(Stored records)
.....
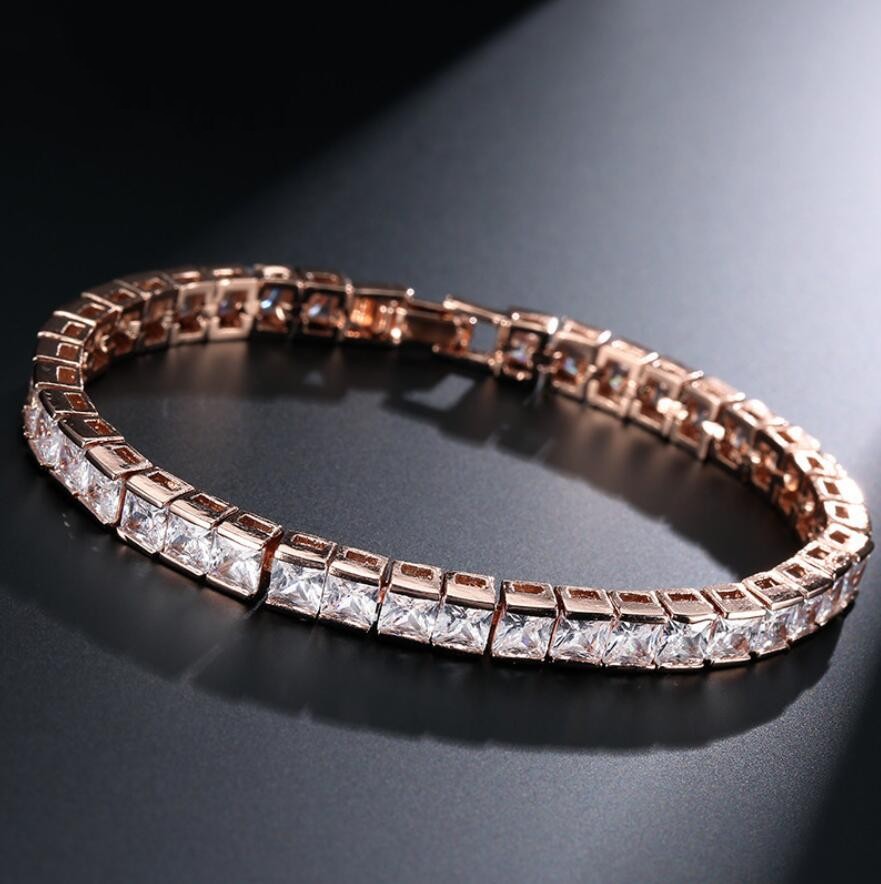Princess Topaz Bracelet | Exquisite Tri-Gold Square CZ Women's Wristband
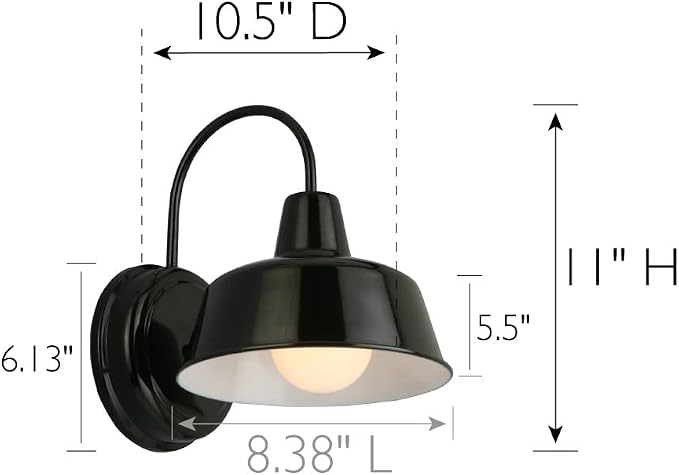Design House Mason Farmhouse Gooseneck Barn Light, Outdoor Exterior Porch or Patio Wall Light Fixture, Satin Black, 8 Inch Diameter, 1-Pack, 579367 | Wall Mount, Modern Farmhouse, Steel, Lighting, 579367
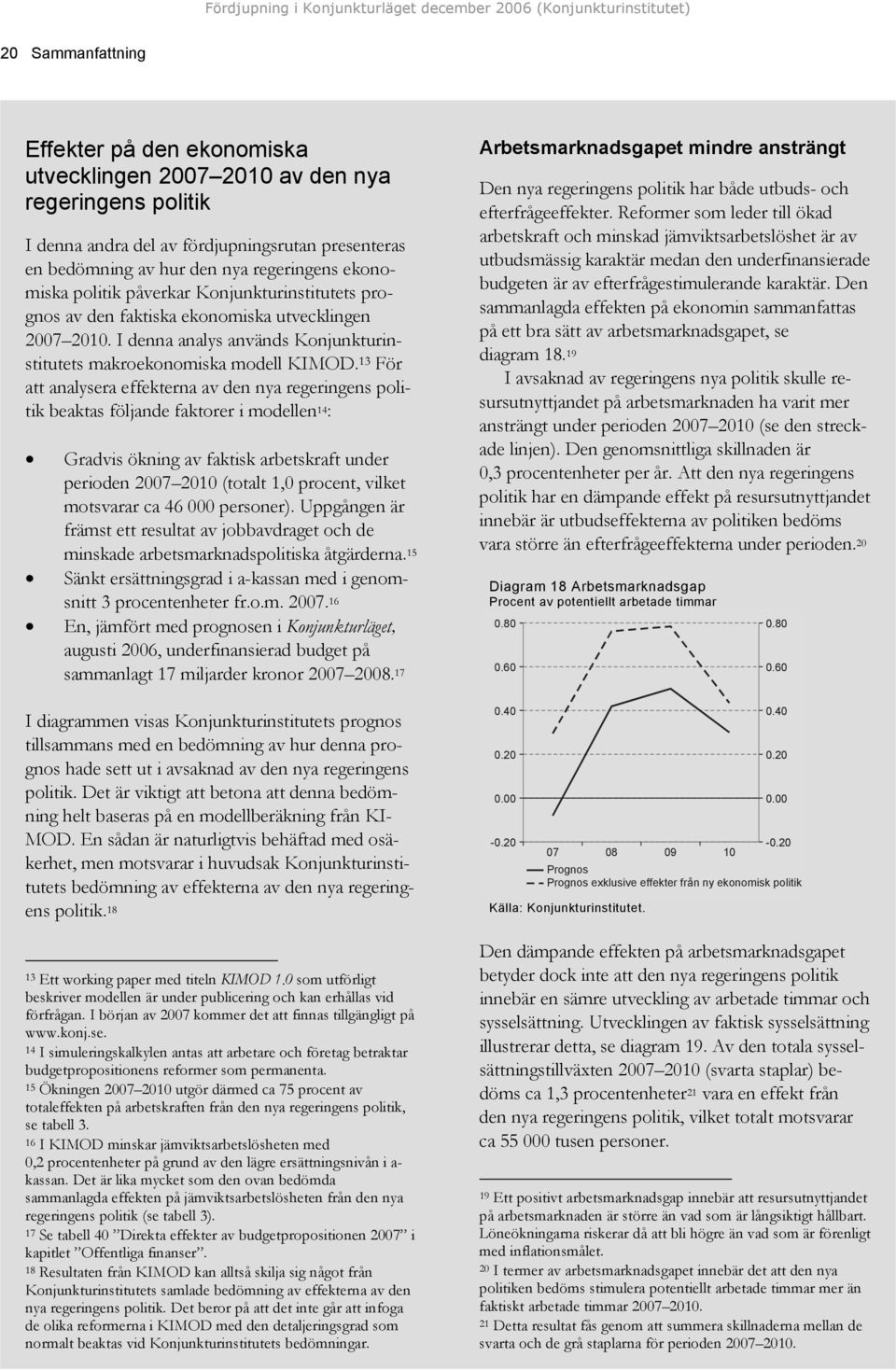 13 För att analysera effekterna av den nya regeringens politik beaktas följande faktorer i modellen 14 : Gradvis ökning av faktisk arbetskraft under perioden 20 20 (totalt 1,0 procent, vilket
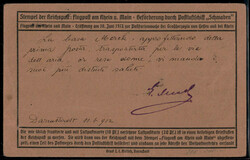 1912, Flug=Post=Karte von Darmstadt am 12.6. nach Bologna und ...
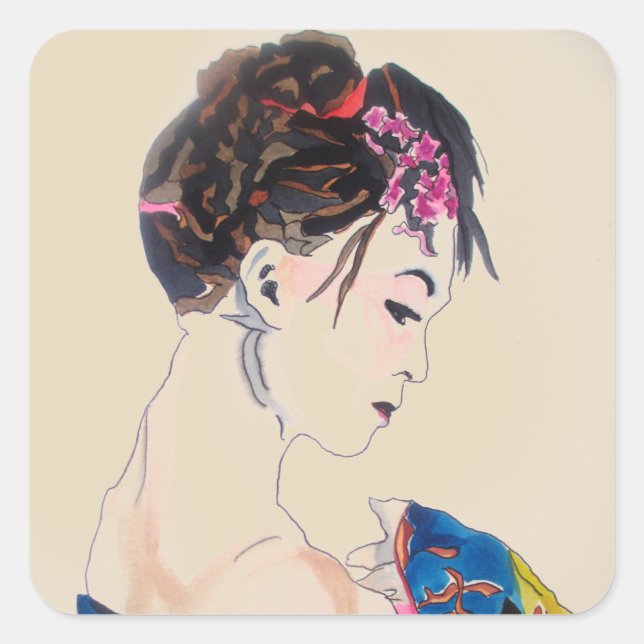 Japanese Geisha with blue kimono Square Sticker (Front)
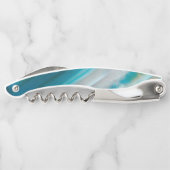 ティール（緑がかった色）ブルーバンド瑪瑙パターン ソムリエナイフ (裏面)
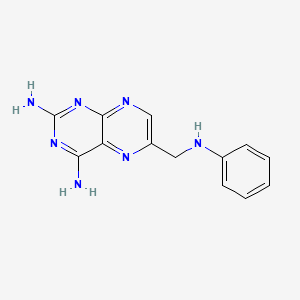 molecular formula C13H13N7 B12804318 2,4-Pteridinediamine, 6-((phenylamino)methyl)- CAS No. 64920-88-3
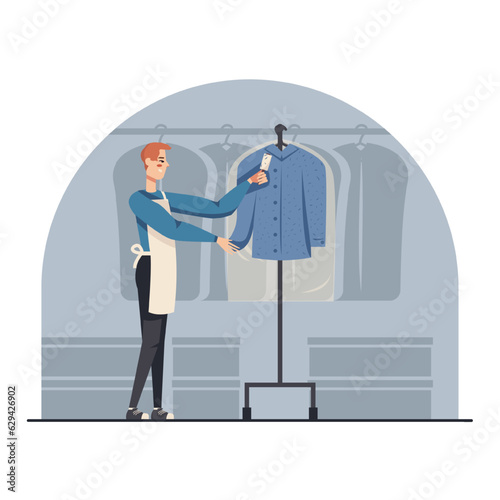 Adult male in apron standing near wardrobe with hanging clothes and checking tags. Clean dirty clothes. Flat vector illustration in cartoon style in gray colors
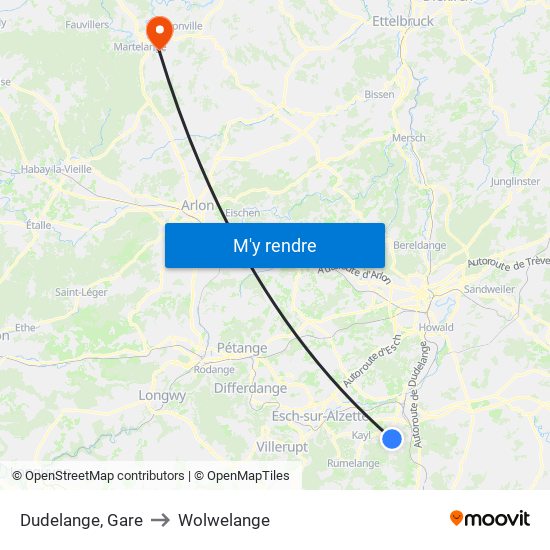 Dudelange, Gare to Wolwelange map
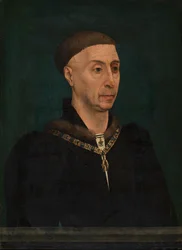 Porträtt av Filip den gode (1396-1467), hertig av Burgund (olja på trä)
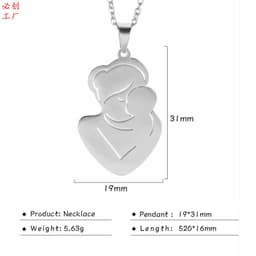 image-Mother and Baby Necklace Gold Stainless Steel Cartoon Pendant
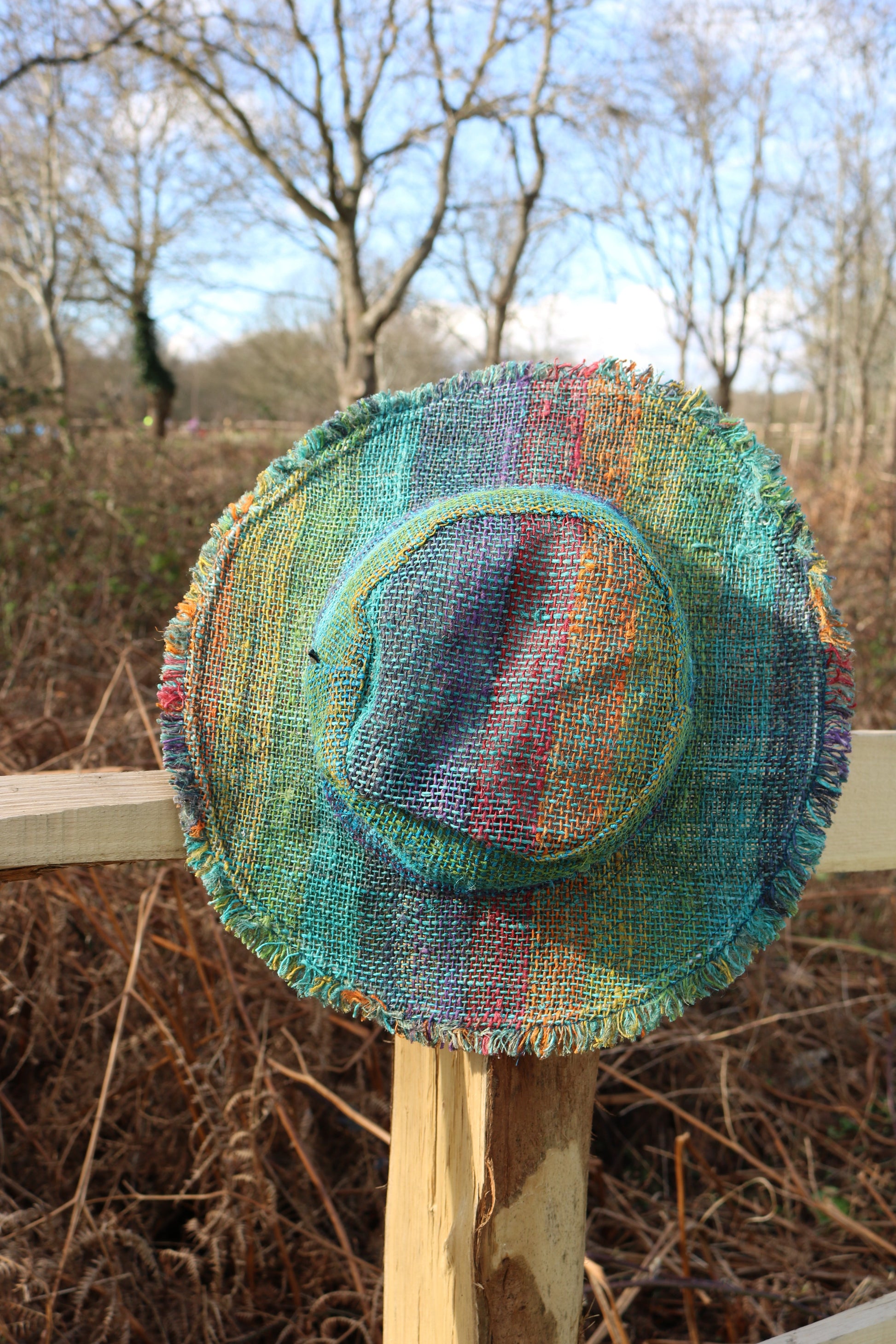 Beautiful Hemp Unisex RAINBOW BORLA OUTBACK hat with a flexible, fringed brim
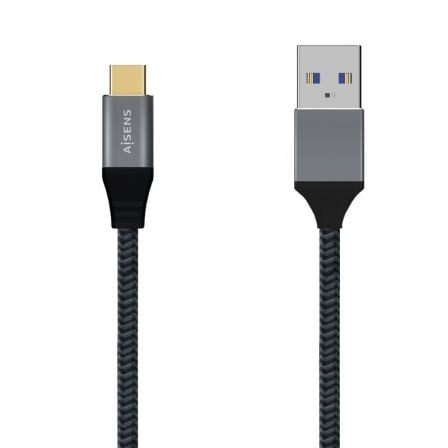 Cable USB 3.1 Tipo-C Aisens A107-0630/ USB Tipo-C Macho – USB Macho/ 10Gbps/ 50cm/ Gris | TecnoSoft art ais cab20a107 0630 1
.....
Exercise description:
Without the pictures, copy out all the records above exactly.

Written response:
Princess Topaz Bracelet | Exquisite Tri-Gold Square CZ Women's Wristband
Design House Mason Farmhouse Gooseneck Barn Light, Outdoor Exterior Porch or Patio Wall Light Fixture, Satin Black, 8 Inch Diameter, 1-Pack, 579367 | Wall Mount, Modern Farmhouse, Steel, Lighting, 579367
 13 För att analysera effekterna av den nya regeringens politik beaktas följande faktorer i modellen 14 : Gradvis ökning av faktisk arbetskraft under perioden 20 20 (totalt 1,0 procent, vilket
 1912, Flug=Post=Karte von Darmstadt am 12.6. nach Bologna und ...
 Japanese Geisha with blue kimono Square Sticker (Front)
 ティール（緑がかった色）ブルーバンド瑪瑙パターン ソムリエナイフ (裏面)
 molecular formula C13H13N7 B12804318 2,4-Pteridinediamine, 6-((phenylamino)methyl)- CAS No. 64920-88-3
 Adult male in apron standing near wardrobe with hanging clothes and checking tags. Clean dirty clothes. Flat vector illustration in cartoon style in gray colors
 Dudelange, Gare to Wolwelange map
 Porträtt av Filip den gode (1396-1467), hertig av Burgund (olja på trä)
 image-Mother and Baby Necklace Gold Stainless Steel Cartoon Pendant
 Beautiful Hemp Unisex RAINBOW BORLA OUTBACK hat with a flexible, fringed brim
 Cable USB 3.1 Tipo-C Aisens A107-0630/ USB Tipo-C Macho – USB Macho/ 10Gbps/ 50cm/ Gris | TecnoSoft art ais cab20a107 0630 1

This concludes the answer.